As this proposal will change the structure of what is returned from the call to select_destinations(), any method, such as evacuate, unshelve, or a migration, will have to be modified to accept the new data structure. They will not be required to change how they work with this information. In other words, while the build and resize processes in a cell will be changed as noted above to retry failed builds using these alternates, these other consumers of select_destinations() will not change how they use the result, because they do not handle retries from within the cell conductor. We may decide to change them at a later date, but that is not in the scope of this spec.
Continue returning a single host per instance. This is simpler from the scheduler/conductor side of things, but will make failed builds more common than with this change, since retries won’t be possible. Since we are now pre-claiming in the scheduler, resource races, which was a major contributor to failed builds, should no longer happen, making the number of failed builds much lower even without this change.

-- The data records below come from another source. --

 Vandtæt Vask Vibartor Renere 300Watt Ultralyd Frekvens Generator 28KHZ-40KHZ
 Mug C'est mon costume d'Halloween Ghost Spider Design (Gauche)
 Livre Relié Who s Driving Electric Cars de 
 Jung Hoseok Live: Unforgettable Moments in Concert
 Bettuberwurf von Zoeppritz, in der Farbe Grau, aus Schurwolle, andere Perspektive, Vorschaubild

Instead of passing these Selection objects around, store this information, keyed by instance_uuid, in a distributed datastore like etcd, and have the conductor access that information as needed. The calls involved in building instances already contain nearly a dozen parameters, and it feels like more tech debt to continue to add more.

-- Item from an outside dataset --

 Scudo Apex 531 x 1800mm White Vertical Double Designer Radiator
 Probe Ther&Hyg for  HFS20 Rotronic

Allow the cell conductor to call back up to the superconductor when a build fails to initiate a retry. We have already decided that such callups will not be allowed, making this option not possible without abandoning that design tenet.
Data model impact¶
None, because none of this alternate host information will be persisted.
REST API impact¶
Other end user impact¶
This will slightly increase the amount of data sent between the scheduler, superconductor, cell conductor, and compute, but not to any degree that should be impactful. It will have a positive performance impact when an instance build fails, as the cell conductor can retry on a different host right away.
Other deployer impact¶
This change will not make the workflow for the whole scheduling/building process any more complex, but it will make the data being sent among the services a little more complex.
- Primary assignee:
- Other contributors:
Modify the scheduler’s select_destinations() method to find additional hosts in the same cell as the selected host, and return these as a list of Selection objects to the superconductor.

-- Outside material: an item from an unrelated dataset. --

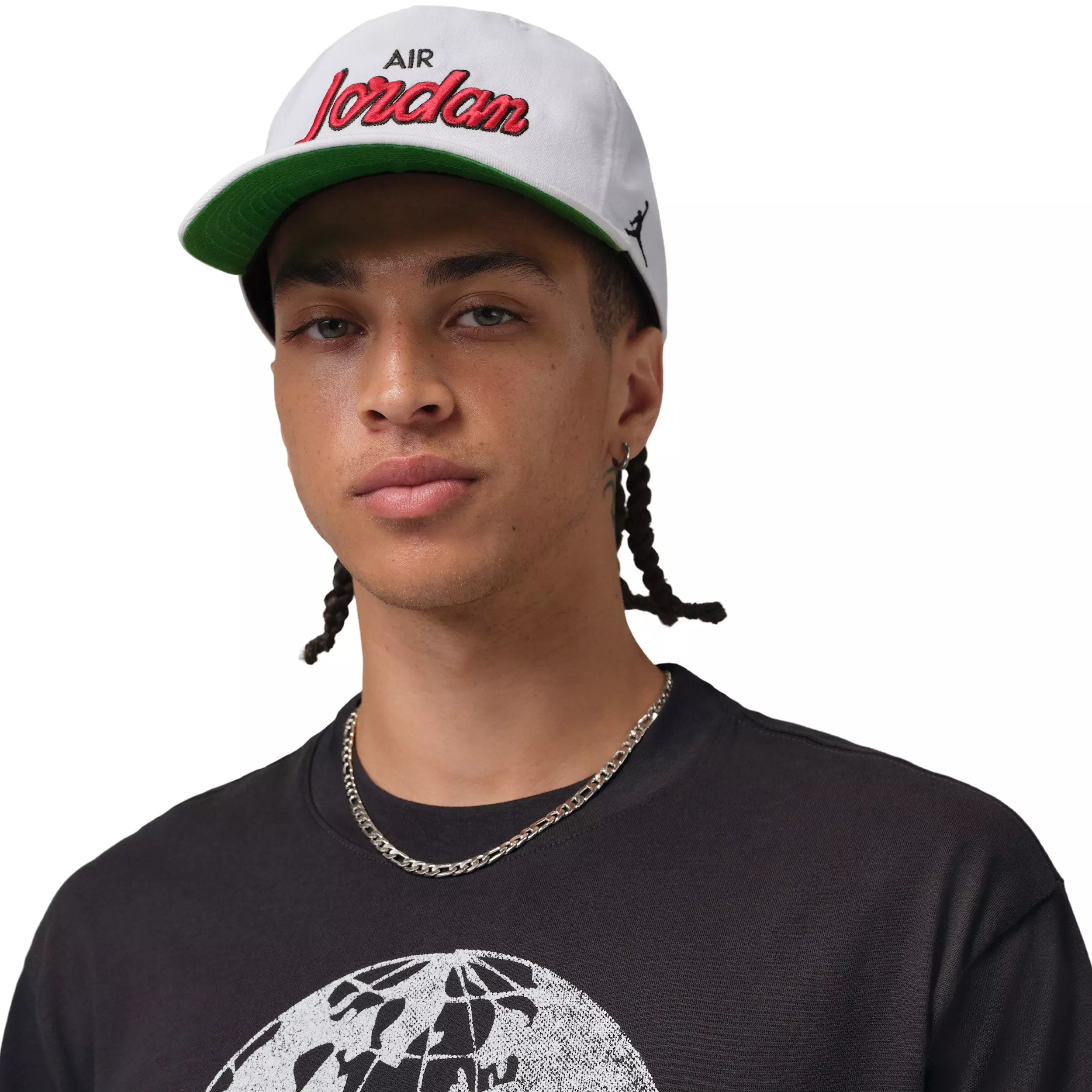 Jordan Men's Star Graphic Short-Sleeve Crew T-Shirt - BLACK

Modify the superconductor to pass this new data to the selected compute host.
Modify all the calls that comprise the retry pathway in compute and conductor to properly handle the list of Selection objects.
Modify all other methods that call select_destinations() to properly handle the lsit of Selection objects.
This depends on the work to implement Selection objects being completed. The spec for Selection objects is at https://review.openstack.org/#/c/498830/.
Each of the modified RPC interfaces will have to be tested to verify that the new data structures are being correctly passed. Tests will have to be added to ensure that the retry loop in the cell conductor properly handles build failures.
The documentation for CONF.scheduler.max_attempts will need to be updated to let operators know that if they are seeing cases where a burst of requests have led to builds failing because none of the alternates has enough resources left, they should increase that value to provide a larger pool of alternates to retry.
Any of the documentation of the scheduler workflow will need to be updated to reflect these changes.